Problem to solve:
What's wanted is a faithful retyping of every entry, pictures excluded.

Data records:
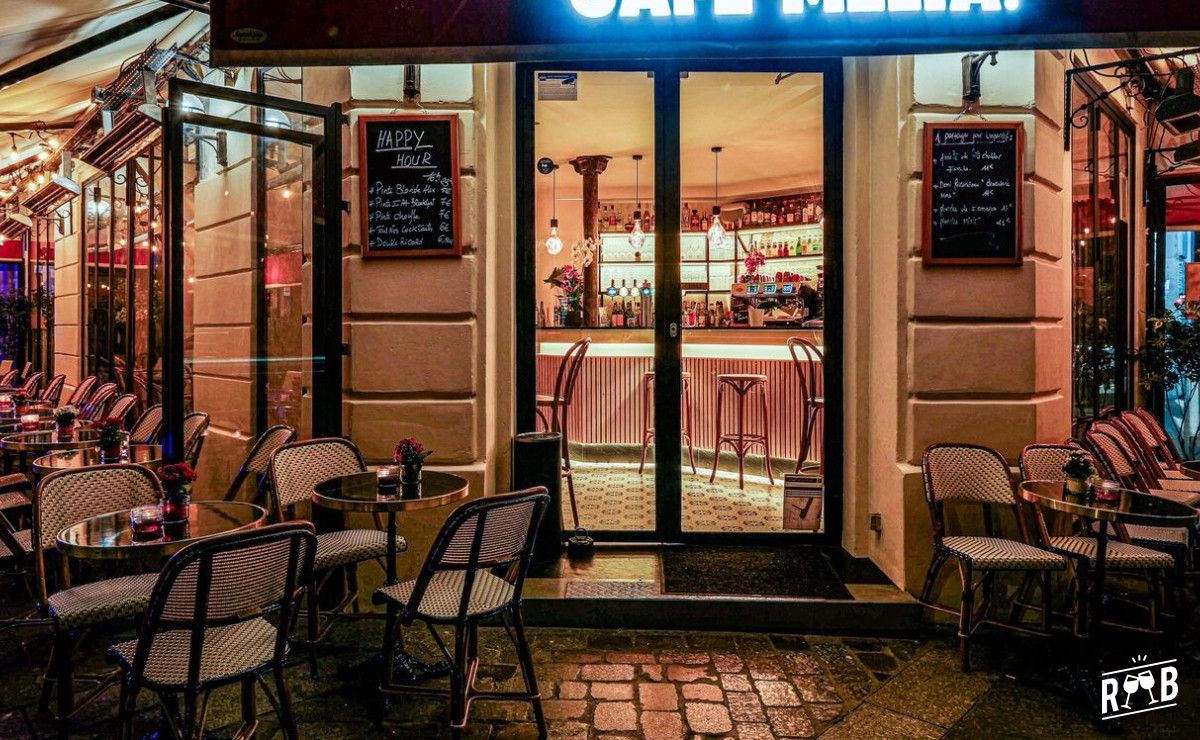 Café Mélia #2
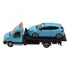Street Fire Grua Vehicular Azul 1:43 Bburago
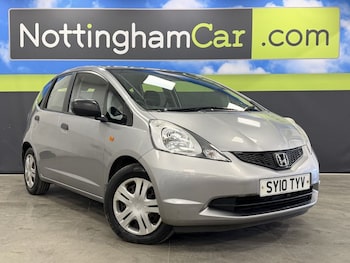 Honda Jazz feature image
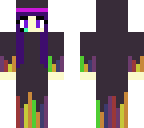 enderman girl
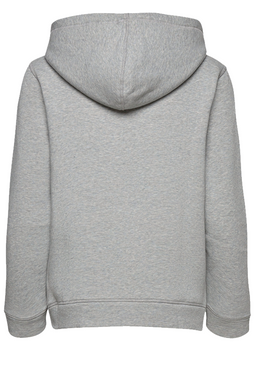 Tommy Hilfiger Women Est. Logo Hoodie Grey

Response:
 Café Mélia #2
Street Fire Grua Vehicular Azul 1:43 Bburago
 Honda Jazz feature image
 enderman girl
 Tommy Hilfiger Women Est. Logo Hoodie Grey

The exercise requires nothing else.